As the hybrid son of a human mother and alien il’Drach father, Rohan is born with a range of extraordinary abilities including super strength, toughness, and the power to fly, making him one of the most formidable forces in the known universe. However, Rohan would rather live a peaceful life as a Tow Chief Second Class on the sentient space station, Wistful.
Rohan reconsiders his retirement from superhero duties as a crisis on Earth threatens the extinction of humankind. Rohan returns to his home planet after a ten-year hiatus, reassuming his superhero persona as the Griffin. He joins forces with a ragtag group of heroes devoted to saving Earth from an unlikely lineup of villains including ten-kiloton land sharks and anthropomorphized cephalopods.
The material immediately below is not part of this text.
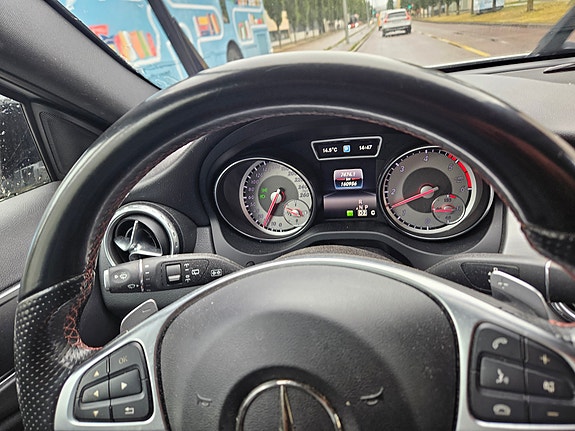 Mercedes-Benz GLA220 d 6 of 6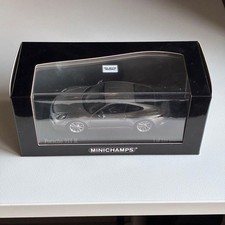 Minichamps 1/43 Porsche 911R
Beyond these over-the-top animal antagonists, Return of the Griffin also features a cutting parody of ultra-right wing political extremists, a group of “pale men with long beards [who] wore shirts printed with Humans First and red hats that read Make Earth Great Again.” These self-described Proud Guys believe that the land sharks are not an existential threat to humanity, but rather a conspiracy invented by liberal corporations. The spot-on satire of Trumpian politics is the most hilarious part of this genuinely funny book, making me laugh out loud several times.
Unfortunately, most of the supporting cast from the first book, Wistful Ascending, are jettisoned in Return of the Griffin, which introduces a new set of side characters who are not as well developed. I found myself missing many of the friends I had made in the first book.
On the positive side, JCM Berne improves the pacing and flow of his story in Return of the Griffin, delivering more consistently fast-paced action throughout the novel. Berne wisely chooses to forgo the coffee breaks which interrupted the flow of his previous book.
Return of the Griffin is a lot of fun, and it also does a commendable job depicting Rohan’s internal struggles as he faces family and friends from his past life. After running away for ten years, he continues to make questionable decisions upon his return to Earth and must deal with the inevitable consequences. Nevertheless, the downside of the book’s overtly humorous tone is that it doesn’t plumb the same level of dark emotional depth as in the latter part of Wistful Ascending.
As a whole, Return of the Griffin works most effectively as a satire, delivering on its promise of a witty, action-packed story with plenty of laugh-out-loud moments.